Disaggregating Conflict by Actors, Time, and Location
In David A. Backer, Paul K. Huth, and Jonathan Wilkenfeld (eds.) Peace and Conflict 2014 (Routledge), p. 44–56.
33 Pages Posted: 12 Mar 2021
Date Written: 2014
Abstract
Disaggregated studies of conflict, which are increasingly common, provide fine-grained renderings of the relevant actors, timing, and location of events. These studies look beyond the country-year as the unit of analysis, in lieu of research designs that focus on individuals, households, or groups, the heterogeneous characteristics, beliefs, and interests of these actors, and resulting variation in attitudes, decision making, and behavior. Yet disaggregated approaches are not without limitations.

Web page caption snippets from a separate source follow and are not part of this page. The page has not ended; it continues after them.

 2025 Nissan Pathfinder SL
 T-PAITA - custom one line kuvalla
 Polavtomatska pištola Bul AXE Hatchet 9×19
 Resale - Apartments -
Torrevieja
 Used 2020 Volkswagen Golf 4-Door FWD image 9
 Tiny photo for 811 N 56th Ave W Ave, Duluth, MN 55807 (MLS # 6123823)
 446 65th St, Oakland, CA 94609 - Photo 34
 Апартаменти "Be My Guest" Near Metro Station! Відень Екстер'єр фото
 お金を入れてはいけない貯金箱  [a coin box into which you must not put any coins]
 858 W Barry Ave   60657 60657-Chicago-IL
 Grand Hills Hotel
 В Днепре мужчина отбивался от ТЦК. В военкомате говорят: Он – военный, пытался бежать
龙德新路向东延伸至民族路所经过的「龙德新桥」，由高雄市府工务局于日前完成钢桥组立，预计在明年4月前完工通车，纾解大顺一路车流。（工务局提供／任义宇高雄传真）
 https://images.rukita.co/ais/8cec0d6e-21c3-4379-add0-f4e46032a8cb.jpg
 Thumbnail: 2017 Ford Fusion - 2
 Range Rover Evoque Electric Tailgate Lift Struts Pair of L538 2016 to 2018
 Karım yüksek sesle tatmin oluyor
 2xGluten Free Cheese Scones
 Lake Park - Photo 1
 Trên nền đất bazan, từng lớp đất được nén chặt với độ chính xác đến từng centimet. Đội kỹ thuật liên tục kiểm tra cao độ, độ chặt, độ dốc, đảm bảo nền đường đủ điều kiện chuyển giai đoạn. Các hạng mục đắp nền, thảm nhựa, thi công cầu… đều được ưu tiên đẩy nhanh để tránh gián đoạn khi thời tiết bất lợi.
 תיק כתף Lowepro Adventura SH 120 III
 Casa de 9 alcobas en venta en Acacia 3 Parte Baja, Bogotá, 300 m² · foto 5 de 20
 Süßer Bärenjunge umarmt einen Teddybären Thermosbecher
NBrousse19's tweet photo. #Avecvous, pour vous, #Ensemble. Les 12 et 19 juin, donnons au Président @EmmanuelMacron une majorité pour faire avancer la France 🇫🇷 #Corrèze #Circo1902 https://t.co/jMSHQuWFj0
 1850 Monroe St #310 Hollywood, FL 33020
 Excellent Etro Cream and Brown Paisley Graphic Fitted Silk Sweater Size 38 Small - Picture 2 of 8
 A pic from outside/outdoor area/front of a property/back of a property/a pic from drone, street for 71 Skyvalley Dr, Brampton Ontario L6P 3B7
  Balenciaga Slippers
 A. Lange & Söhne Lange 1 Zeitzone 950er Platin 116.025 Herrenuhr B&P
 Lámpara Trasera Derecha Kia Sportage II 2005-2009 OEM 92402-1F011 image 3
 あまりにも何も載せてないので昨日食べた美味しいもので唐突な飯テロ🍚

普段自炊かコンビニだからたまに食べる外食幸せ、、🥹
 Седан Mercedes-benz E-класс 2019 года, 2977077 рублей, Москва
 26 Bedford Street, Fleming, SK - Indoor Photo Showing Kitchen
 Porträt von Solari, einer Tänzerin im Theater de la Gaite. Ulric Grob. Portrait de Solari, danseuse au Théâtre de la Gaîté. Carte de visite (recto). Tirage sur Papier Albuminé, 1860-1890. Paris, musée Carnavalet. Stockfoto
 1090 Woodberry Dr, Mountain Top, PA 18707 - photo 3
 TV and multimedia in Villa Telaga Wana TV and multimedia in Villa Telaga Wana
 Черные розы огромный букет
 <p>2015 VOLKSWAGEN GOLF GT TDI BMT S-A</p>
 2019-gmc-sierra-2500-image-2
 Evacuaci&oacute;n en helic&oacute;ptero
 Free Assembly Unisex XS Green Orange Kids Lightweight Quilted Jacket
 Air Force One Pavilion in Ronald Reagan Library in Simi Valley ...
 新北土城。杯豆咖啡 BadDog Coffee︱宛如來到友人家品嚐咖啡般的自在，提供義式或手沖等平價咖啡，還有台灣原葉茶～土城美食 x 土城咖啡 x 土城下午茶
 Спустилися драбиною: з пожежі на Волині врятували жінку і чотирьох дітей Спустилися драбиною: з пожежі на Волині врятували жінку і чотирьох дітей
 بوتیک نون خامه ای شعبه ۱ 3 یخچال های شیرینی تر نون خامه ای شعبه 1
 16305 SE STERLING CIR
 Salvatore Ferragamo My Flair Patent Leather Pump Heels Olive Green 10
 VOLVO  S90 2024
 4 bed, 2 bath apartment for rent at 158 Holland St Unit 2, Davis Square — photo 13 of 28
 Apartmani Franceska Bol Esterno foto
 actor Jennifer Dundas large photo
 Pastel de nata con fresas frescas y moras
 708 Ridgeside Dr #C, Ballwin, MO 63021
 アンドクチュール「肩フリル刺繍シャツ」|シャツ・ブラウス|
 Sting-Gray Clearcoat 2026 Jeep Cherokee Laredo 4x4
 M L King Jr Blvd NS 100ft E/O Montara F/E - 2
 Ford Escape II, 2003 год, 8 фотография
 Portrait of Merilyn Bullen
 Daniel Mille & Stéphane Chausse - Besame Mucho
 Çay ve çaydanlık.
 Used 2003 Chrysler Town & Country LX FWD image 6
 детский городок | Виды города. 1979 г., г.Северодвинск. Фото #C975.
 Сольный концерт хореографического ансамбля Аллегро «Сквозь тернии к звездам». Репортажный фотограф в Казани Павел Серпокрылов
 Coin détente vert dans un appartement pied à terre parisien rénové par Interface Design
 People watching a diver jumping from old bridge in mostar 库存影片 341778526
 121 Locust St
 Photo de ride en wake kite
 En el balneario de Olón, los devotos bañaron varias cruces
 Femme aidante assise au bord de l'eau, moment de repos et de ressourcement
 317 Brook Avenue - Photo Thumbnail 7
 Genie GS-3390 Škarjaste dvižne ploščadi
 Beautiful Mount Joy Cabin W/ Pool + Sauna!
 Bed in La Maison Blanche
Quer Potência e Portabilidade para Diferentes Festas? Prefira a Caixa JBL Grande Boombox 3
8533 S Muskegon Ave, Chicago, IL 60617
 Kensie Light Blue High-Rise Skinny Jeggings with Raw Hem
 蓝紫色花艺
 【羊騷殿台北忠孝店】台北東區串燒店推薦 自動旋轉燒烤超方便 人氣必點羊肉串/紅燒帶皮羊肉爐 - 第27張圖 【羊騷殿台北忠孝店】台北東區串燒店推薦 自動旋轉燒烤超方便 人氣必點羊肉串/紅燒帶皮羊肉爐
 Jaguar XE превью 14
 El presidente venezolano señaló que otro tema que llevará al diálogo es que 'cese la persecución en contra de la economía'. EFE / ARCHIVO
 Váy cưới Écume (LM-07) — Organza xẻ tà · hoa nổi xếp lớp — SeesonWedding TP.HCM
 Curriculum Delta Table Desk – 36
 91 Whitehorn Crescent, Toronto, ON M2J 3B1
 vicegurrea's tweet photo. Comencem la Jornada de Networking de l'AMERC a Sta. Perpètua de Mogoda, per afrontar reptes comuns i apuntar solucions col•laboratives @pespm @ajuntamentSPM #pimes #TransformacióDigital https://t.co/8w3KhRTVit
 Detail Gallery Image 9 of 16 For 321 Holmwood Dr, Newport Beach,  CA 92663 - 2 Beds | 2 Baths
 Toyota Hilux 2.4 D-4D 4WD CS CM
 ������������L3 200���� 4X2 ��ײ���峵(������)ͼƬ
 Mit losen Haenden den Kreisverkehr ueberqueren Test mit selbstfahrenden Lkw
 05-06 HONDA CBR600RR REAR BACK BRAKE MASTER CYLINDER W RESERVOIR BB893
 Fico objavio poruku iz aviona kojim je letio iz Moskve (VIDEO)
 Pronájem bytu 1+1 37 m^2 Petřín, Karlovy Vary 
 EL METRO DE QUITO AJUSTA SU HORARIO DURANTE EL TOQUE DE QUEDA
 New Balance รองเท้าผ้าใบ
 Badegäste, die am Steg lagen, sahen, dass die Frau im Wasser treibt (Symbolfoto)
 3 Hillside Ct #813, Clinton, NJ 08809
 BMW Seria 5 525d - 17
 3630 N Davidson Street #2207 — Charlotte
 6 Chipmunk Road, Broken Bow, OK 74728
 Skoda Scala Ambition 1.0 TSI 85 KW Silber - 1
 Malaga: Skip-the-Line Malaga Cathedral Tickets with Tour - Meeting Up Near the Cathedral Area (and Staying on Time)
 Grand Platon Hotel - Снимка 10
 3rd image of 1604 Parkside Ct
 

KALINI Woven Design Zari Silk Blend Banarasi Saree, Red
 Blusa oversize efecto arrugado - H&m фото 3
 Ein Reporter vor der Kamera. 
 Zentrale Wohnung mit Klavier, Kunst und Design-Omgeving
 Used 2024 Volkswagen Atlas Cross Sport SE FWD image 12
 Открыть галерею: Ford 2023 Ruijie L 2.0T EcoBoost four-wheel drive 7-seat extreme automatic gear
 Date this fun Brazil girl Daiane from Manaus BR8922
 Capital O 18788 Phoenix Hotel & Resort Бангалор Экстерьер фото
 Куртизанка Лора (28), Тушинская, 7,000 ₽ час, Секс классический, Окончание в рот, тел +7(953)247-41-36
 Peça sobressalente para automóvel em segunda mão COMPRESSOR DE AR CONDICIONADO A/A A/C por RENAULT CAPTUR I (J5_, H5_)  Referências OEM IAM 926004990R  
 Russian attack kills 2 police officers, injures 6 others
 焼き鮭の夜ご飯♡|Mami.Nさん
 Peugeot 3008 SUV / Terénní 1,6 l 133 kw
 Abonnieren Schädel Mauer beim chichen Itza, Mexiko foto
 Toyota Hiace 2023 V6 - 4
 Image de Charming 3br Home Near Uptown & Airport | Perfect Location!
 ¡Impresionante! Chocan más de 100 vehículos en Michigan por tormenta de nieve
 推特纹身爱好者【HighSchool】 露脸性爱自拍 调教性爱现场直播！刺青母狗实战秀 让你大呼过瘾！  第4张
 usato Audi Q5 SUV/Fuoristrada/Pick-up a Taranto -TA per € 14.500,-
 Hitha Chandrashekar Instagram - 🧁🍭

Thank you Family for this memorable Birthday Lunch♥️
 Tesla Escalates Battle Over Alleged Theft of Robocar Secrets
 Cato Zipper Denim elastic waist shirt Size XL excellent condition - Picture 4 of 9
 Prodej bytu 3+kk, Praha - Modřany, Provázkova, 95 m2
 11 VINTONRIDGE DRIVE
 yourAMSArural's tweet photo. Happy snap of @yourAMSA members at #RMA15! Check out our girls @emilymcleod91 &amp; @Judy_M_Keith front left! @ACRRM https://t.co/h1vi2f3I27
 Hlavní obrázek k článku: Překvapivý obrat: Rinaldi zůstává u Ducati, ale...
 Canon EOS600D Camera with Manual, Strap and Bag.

This involves the trade- off in sacrificing greater external validity for internal validity but also uncertainties about design, measurement, and analysis. This chapter takes stock of the emerging research track by providing an overview of notable recent work that disaggregates conflict by its constitutive actors and the timing and location of events. We discuss select insights from these examples, why they challenge results from prior research or the conventional wisdom, and the associated implications for policy. Our concise review reveals a surge of rich context-specific research, which represents welcome progress, despite the rather limited communication across studies, the absence of data pooling, and the plethora of mixed findings.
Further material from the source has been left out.